21.

Dennoch waren wir zu gutgläubig. Obwohl Blanche längst kein Kind mehr war, hätte uns doch besorgen müssen, was die Schildbürger ihren eigenen Kindern antaten. Die Flugschriften meldeten immerhin täglich als vollzogen, was nur die teuflischste Phantasie gegen Kinder ausbrüten konnte. Störte Babygreinen die Skatrunde des im Grunde stolzen Vaters, wurde das Baby gegen eine Wand geschleudert. Kinder in verschmutzten Sachen wurden in kochendes Wasser gesetzt, und eine Flugschrift meldete die dreizehnte Mädchen-Entführung und Vergewaltigung: "Gott sei Dank! Melanie (8) geschändet, gequält, - doch laufen gelassen!"

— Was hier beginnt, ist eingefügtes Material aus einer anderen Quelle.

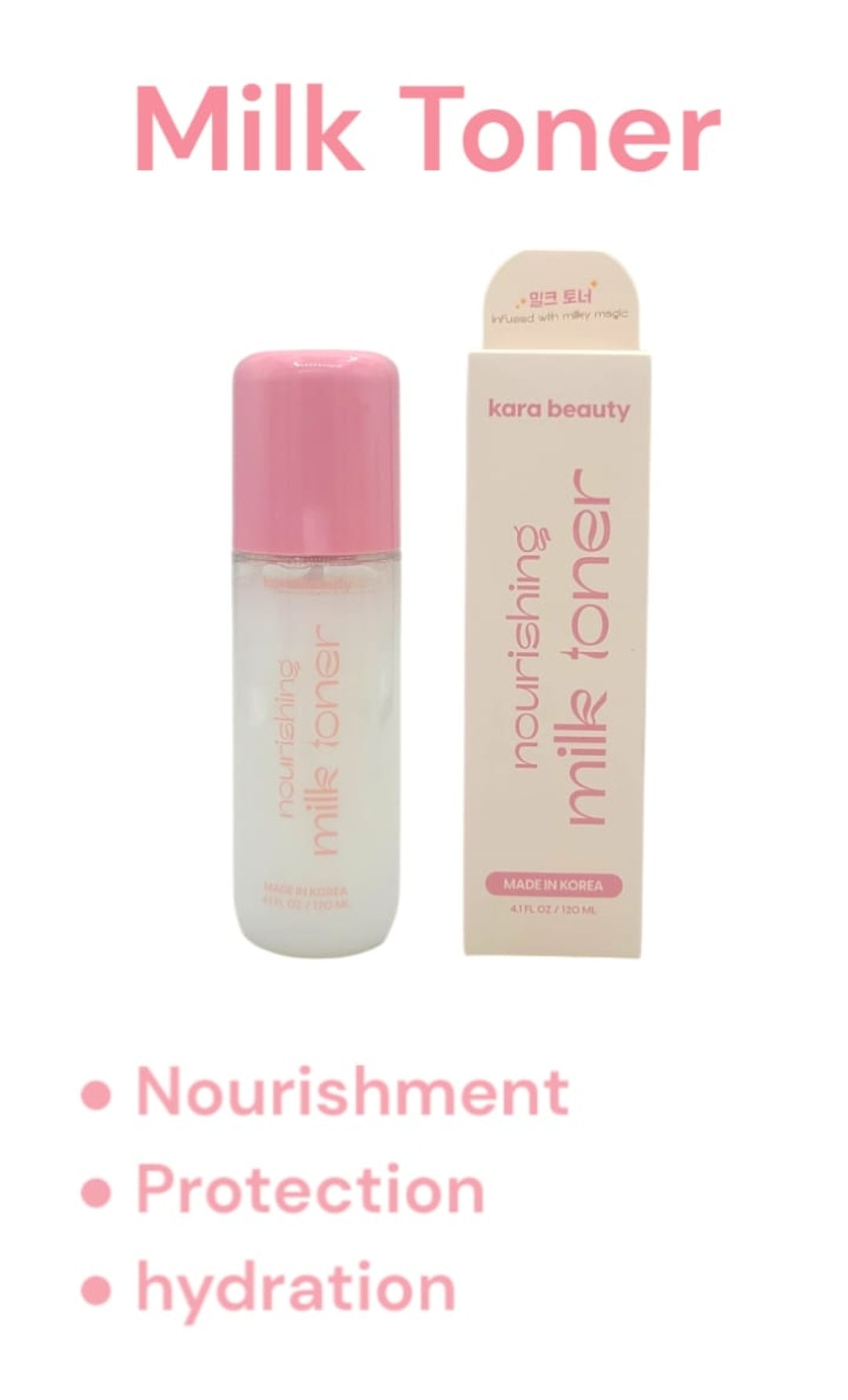 KARA BEAUTY Nourishing Milk Toner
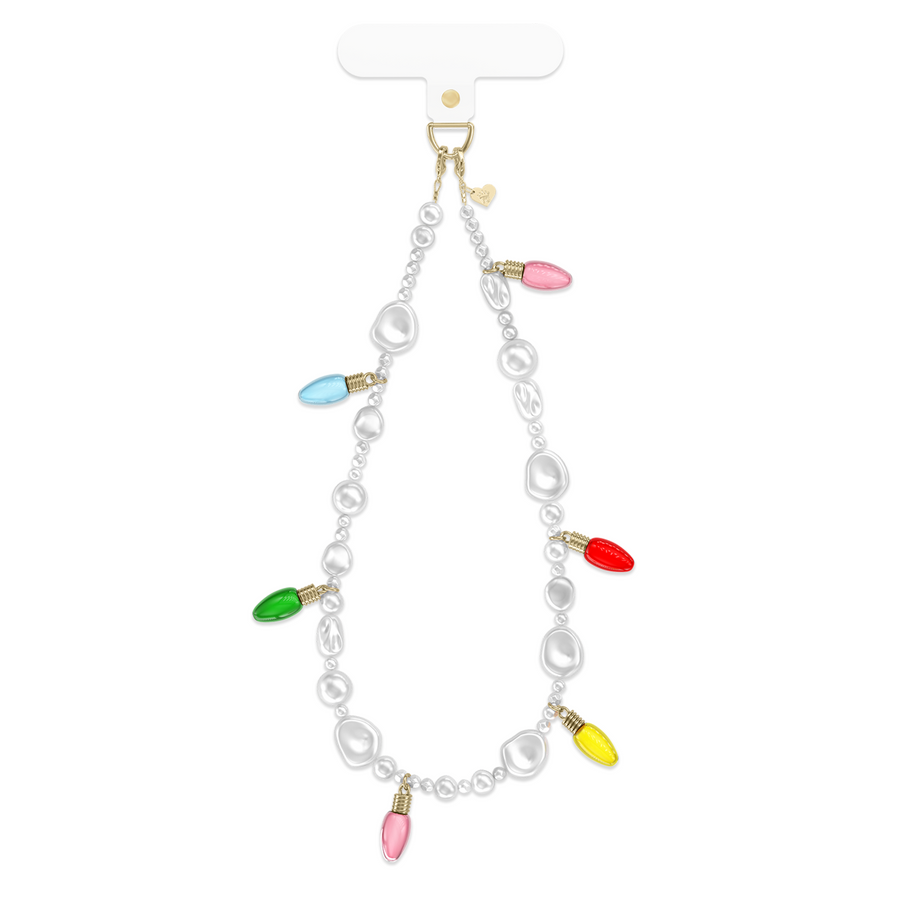 Deck the Halls Phone Charm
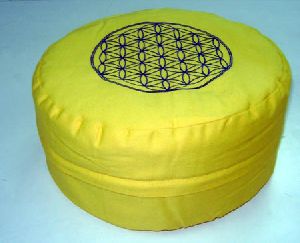 Embroidered Yoga Sitting Pillow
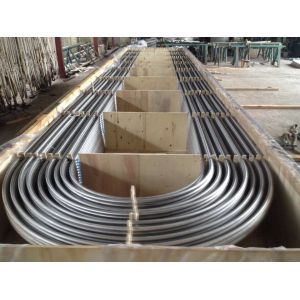 China Stainless Steel U Bend Tube ASME SA213/SA213M-2013 TP316Ti 19.05 mm  x 1.65 mm x 6096mm Min Wall Thickness on sale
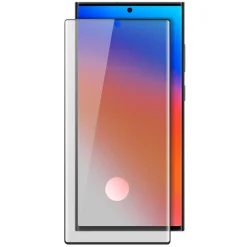 Linocell Skjermbeskytter|Elite Extrem Privacy Glass Skjermbeskytter for Samsung Galaxy S23 Ultra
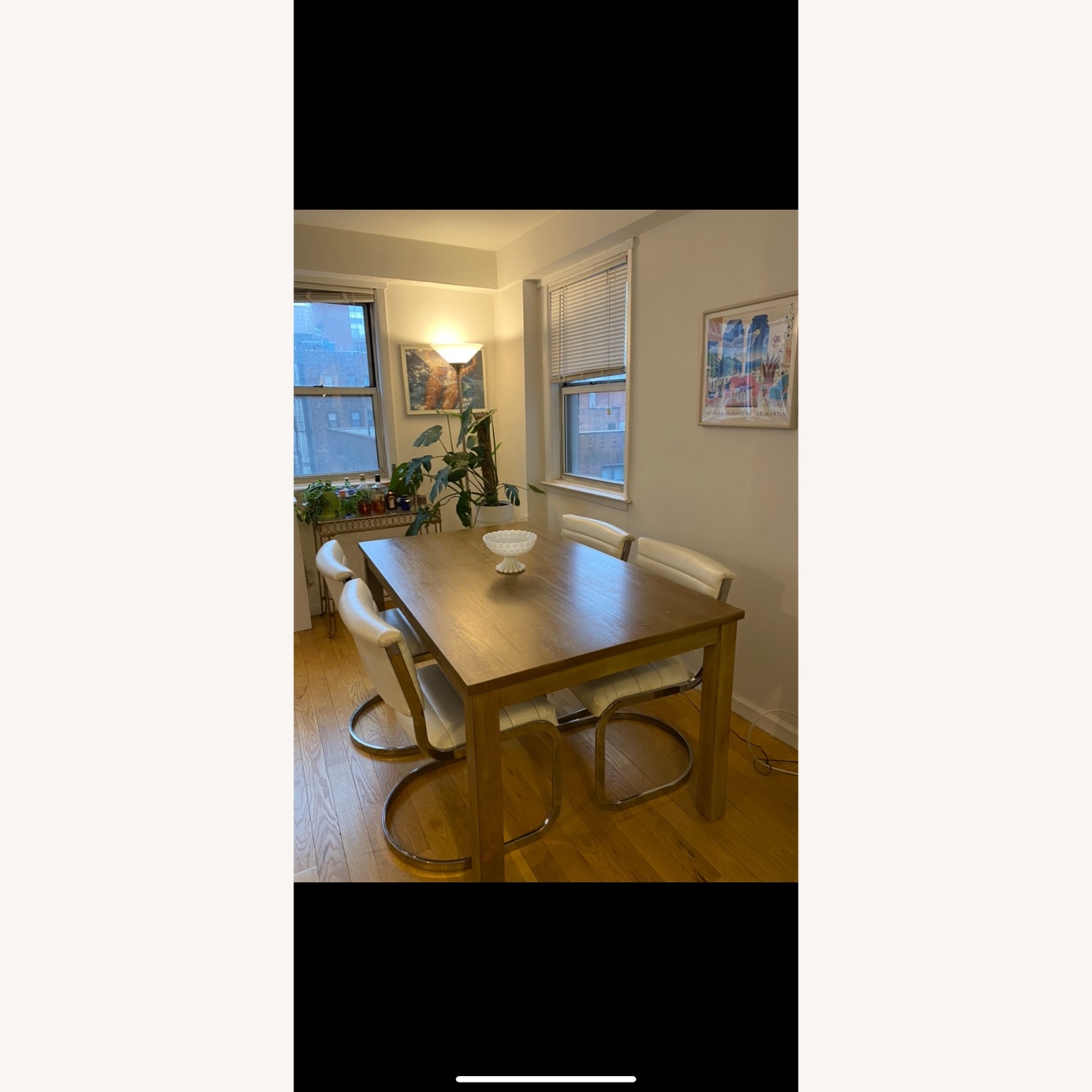 Vintage Wood Dining Table  - image-3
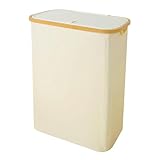 Wäschekorb – kleiner Wäsche-Organizer, schmutzige Kleidung mit Deckel,...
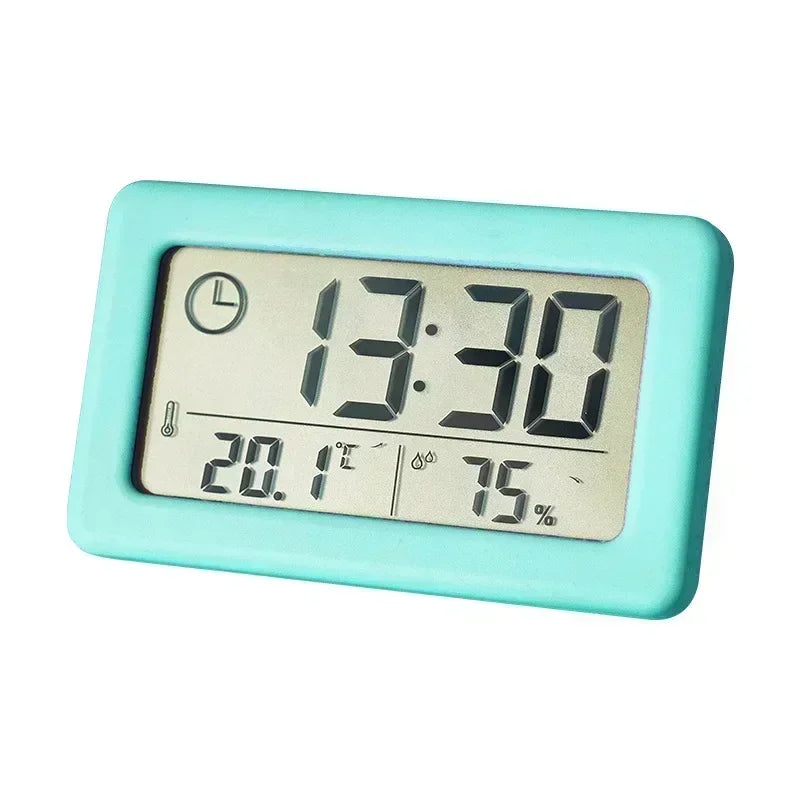 Digital Alarm Clock with Hygrometer – LED Temp & Humidity Alarm Clock Hygrometer Peaceful Pleasures Health and Wellness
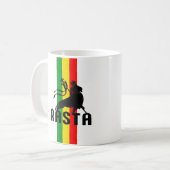 Mug Paix de reggae de Cori Reith Rasta (Devant gauche)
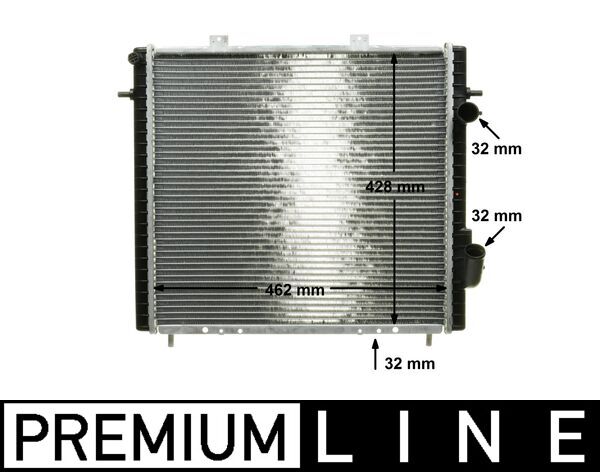 Radiateur Mahle Original CR 148 000P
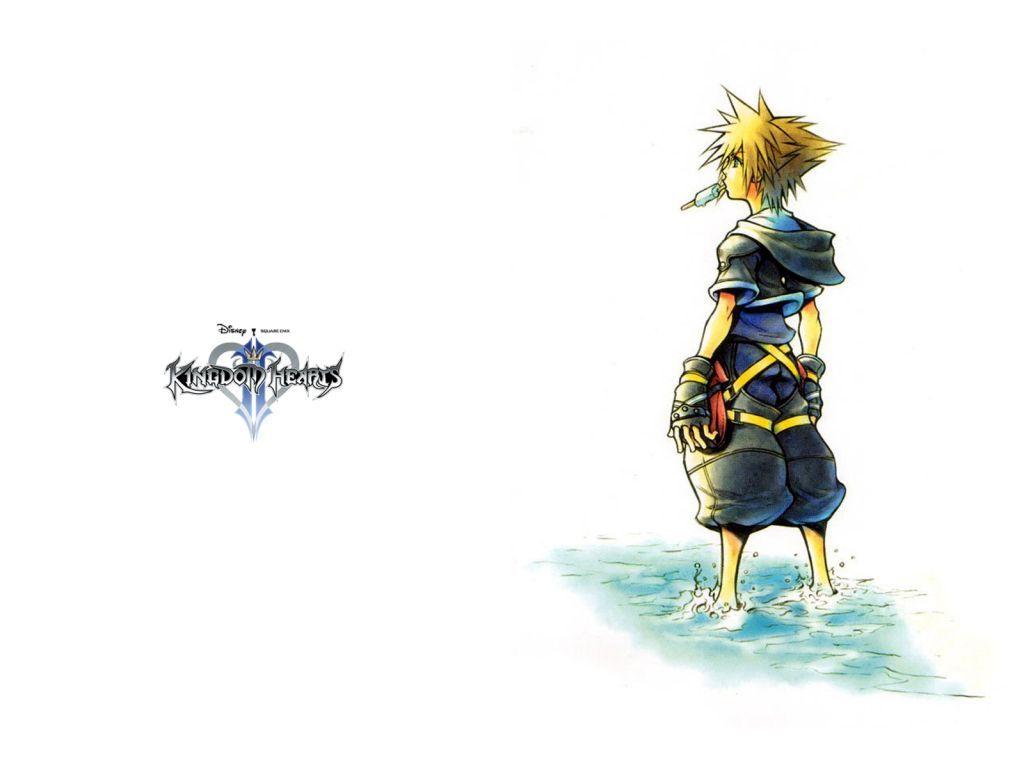 Kingdom Hearts 2 Wallpapers Wallpaper Cave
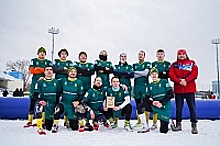 В Зеленограде на стадионе «СШОР-111» состоялся первый в истории Кубок России по регби на снегу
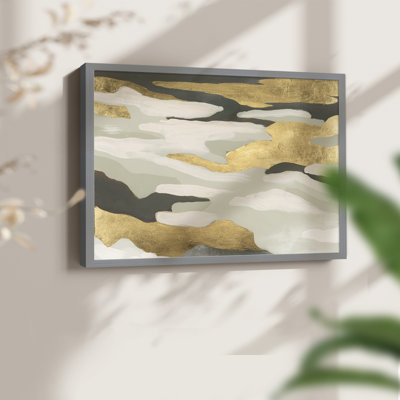 Golden Valley Sands I -Framed Print - Restickable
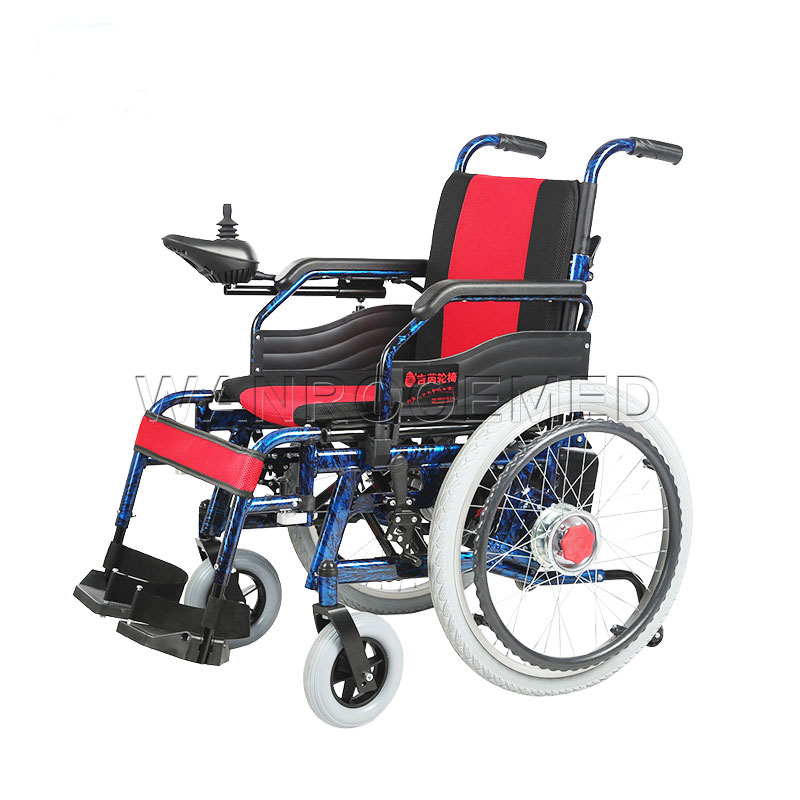 BWHE301L Fauteuil roulant électrique en aluminium léger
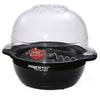 Máquina para hacer palomitas de maíz con aceite Presto Orville Redenbacher's Gloss Black de 6 cuartos de galón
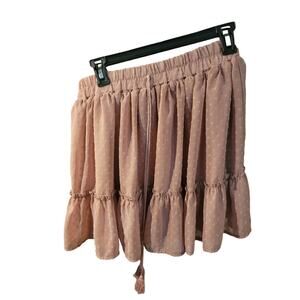 Simplee Pink Skirt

Allein: daß wir bei einer Familie wohnten, die mit ihren Kindern liebevoll umging, schläferte unser Mißtrauen ein, und so nickte ich nur beiläufig, als Blanche mir sagte, daß sie mit Frau Adelheid und den Kleinen an den Badesee der Stadt fahren wollte. Ich war dabei, unsere bisherigen Erkenntnisse in einen Zwischenbericht an Herrn Norbert, Graf von Branntheim, zusammenzufassen, und ich rechnete so mit einem dringend benötigten störungsfreien Tag.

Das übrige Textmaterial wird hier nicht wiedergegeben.